----- The records -----
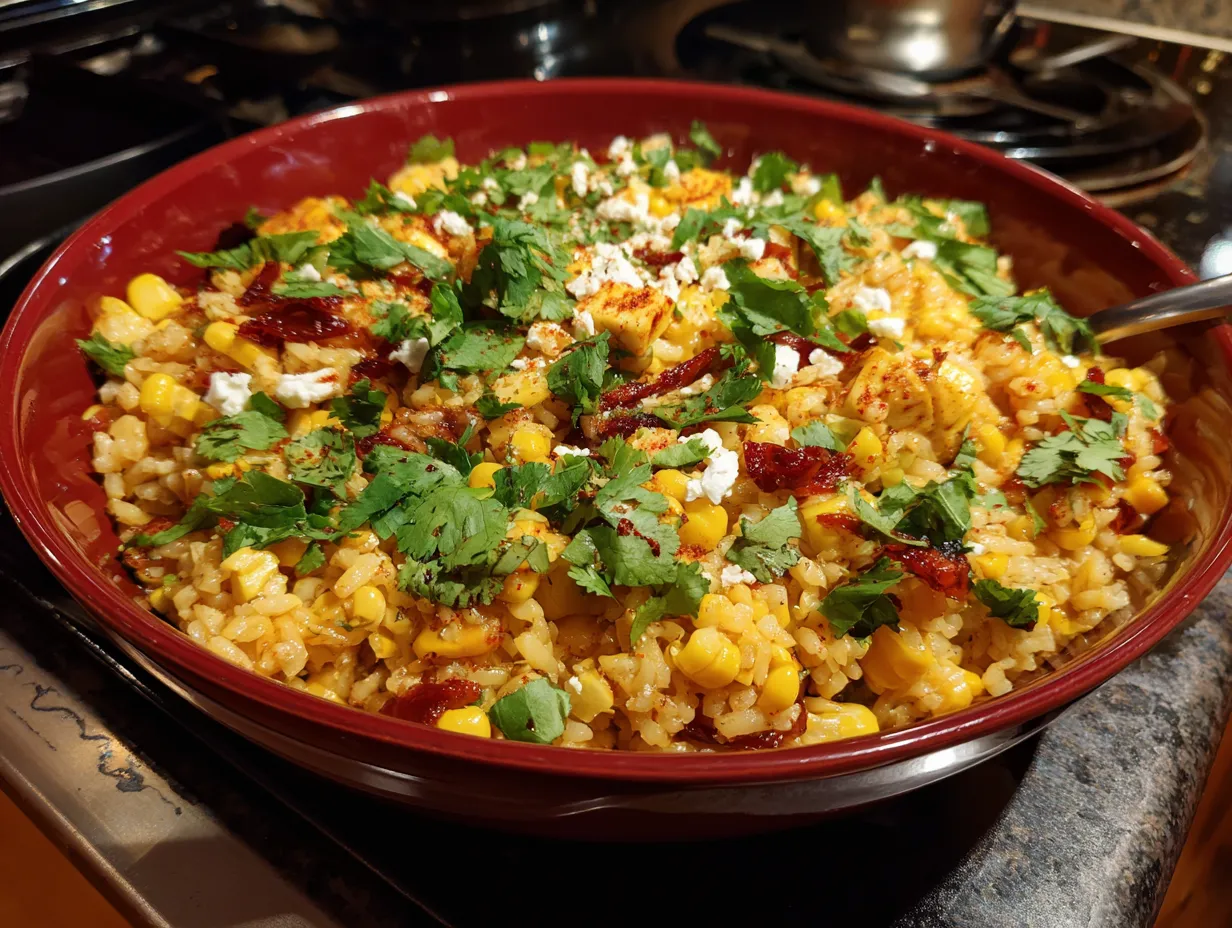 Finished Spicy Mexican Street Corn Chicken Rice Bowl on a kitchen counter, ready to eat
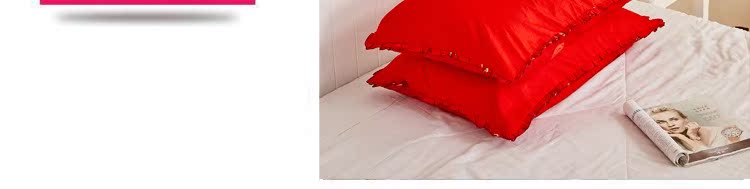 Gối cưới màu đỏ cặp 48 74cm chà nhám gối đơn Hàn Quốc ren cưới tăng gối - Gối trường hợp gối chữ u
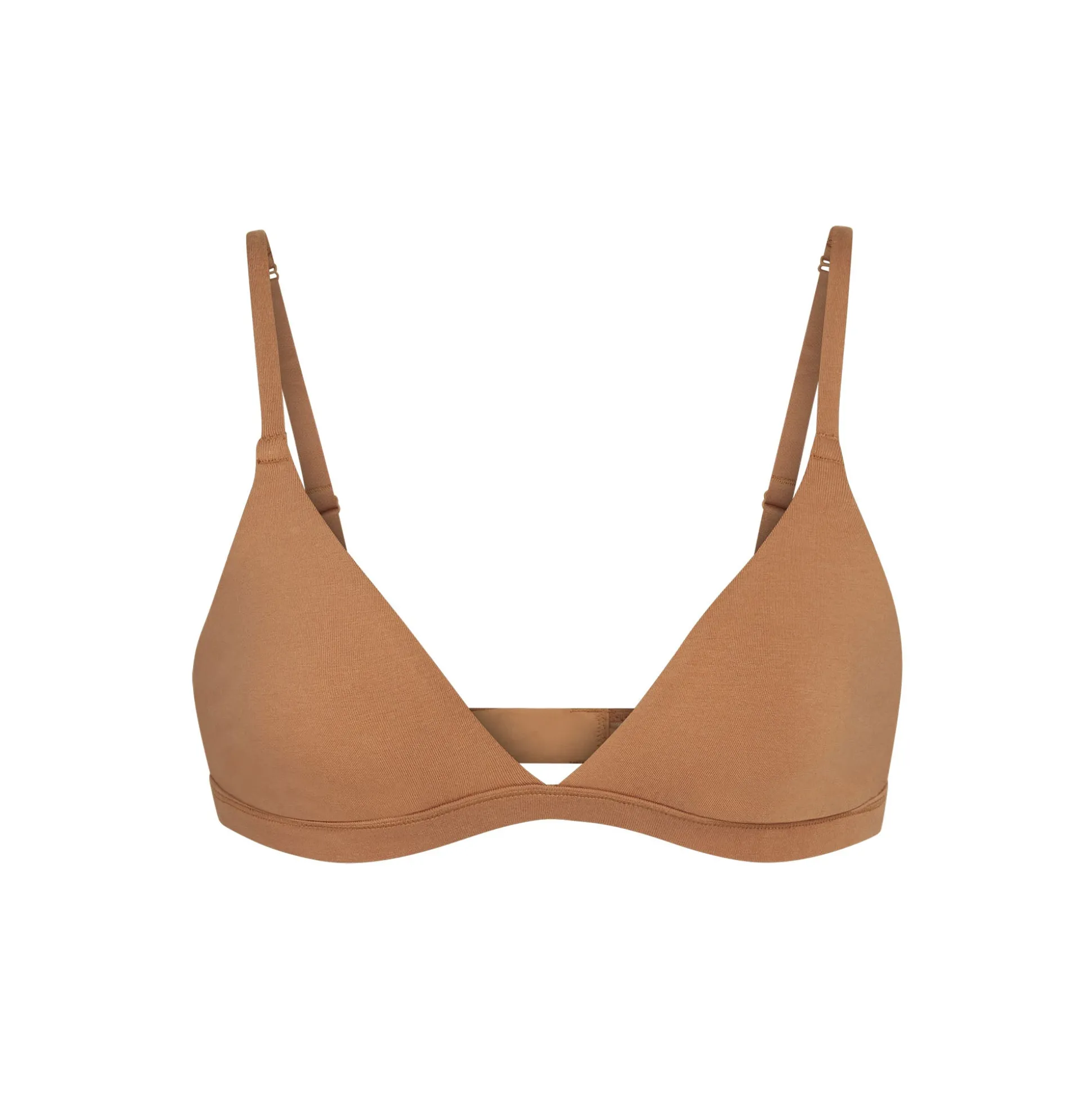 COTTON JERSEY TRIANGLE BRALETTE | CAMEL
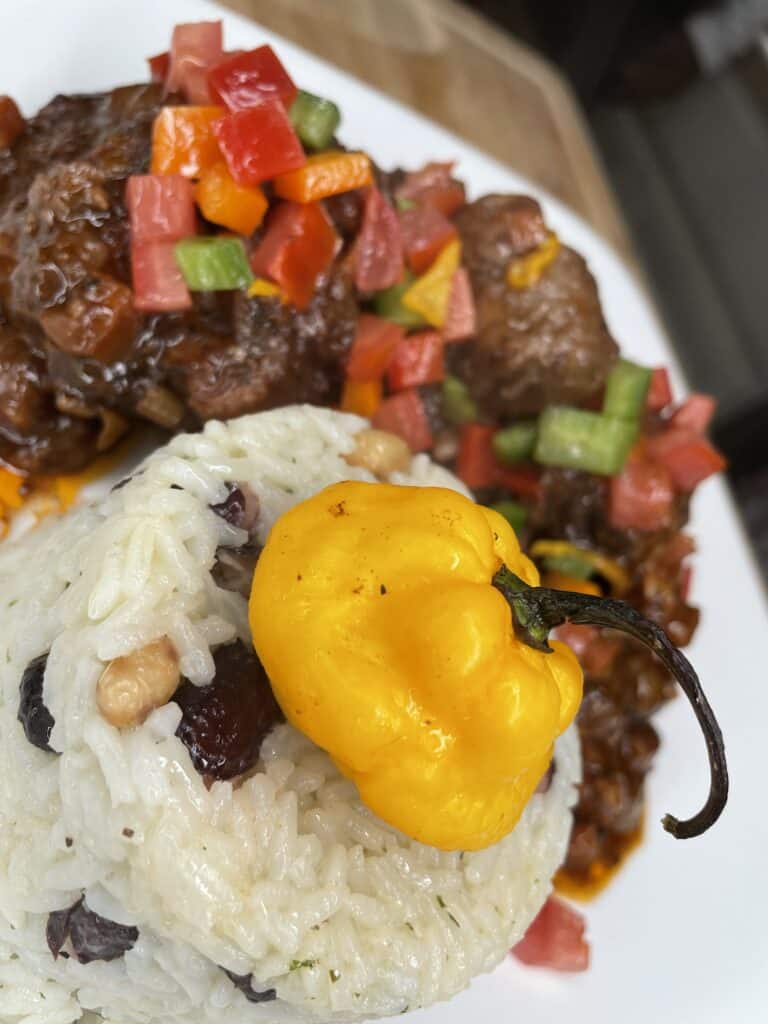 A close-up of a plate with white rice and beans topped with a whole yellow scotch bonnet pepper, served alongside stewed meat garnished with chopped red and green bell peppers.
-----
----- The records -----
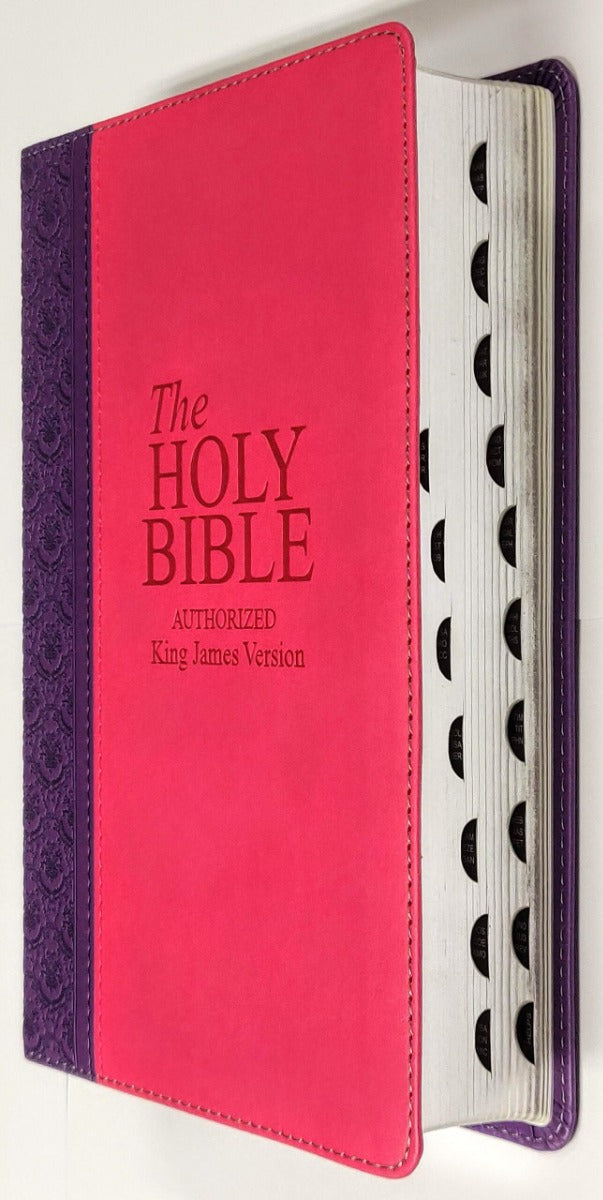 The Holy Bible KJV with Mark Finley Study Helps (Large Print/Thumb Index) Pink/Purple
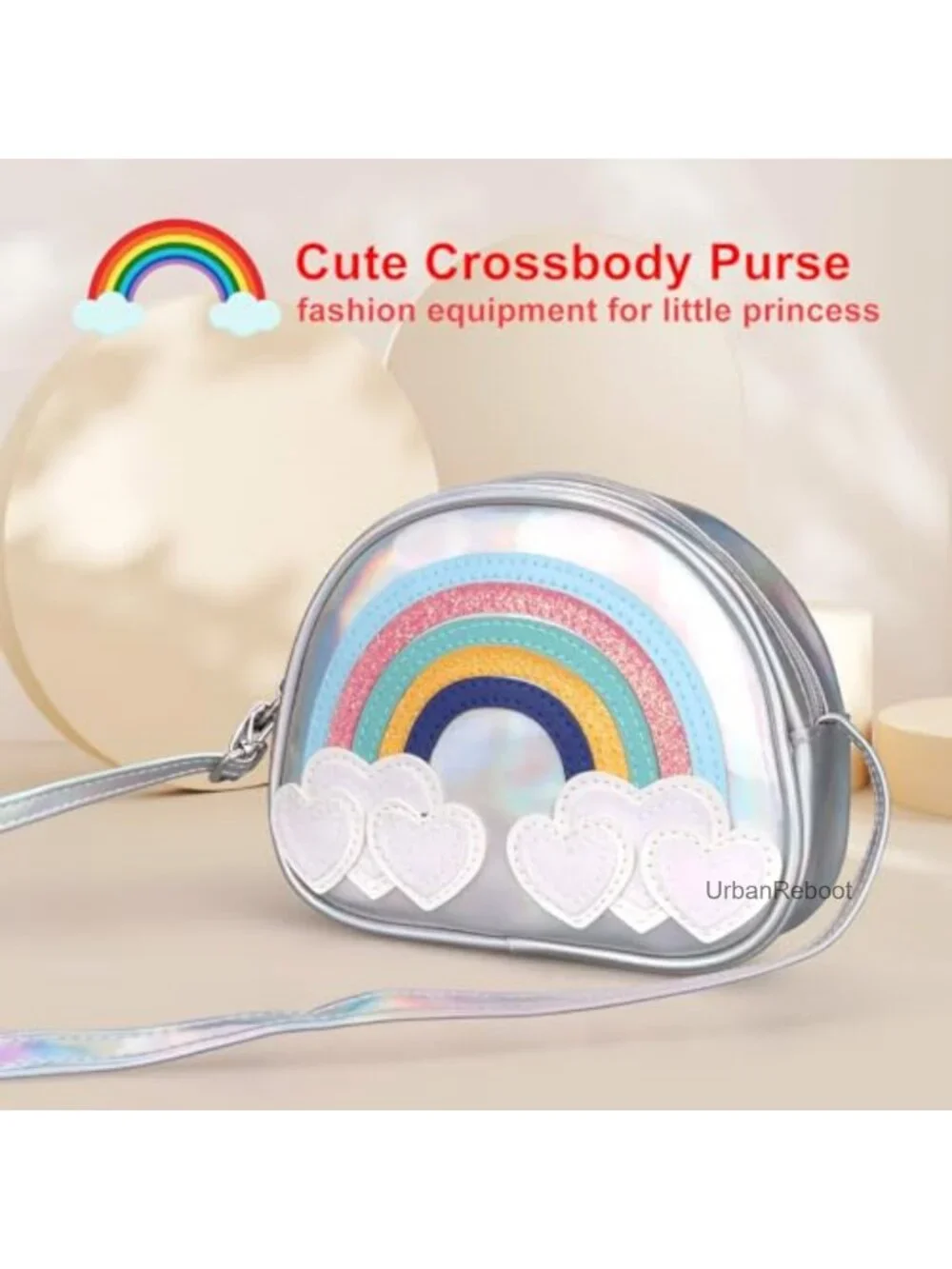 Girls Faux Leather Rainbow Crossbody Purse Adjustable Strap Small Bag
-----
▸ Activity
Repeat exactly, and only, the entries from the line with "Finished Spicy Mexican" through the line with "A close-up of". Pictures are skipped.

▸ Output of the exercise
 Finished Spicy Mexican Street Corn Chicken Rice Bowl on a kitchen counter, ready to eat
 Gối cưới màu đỏ cặp 48 74cm chà nhám gối đơn Hàn Quốc ren cưới tăng gối - Gối trường hợp gối chữ u
 COTTON JERSEY TRIANGLE BRALETTE | CAMEL
 A close-up of a plate with white rice and beans topped with a whole yellow scotch bonnet pepper, served alongside stewed meat garnished with chopped red and green bell peppers.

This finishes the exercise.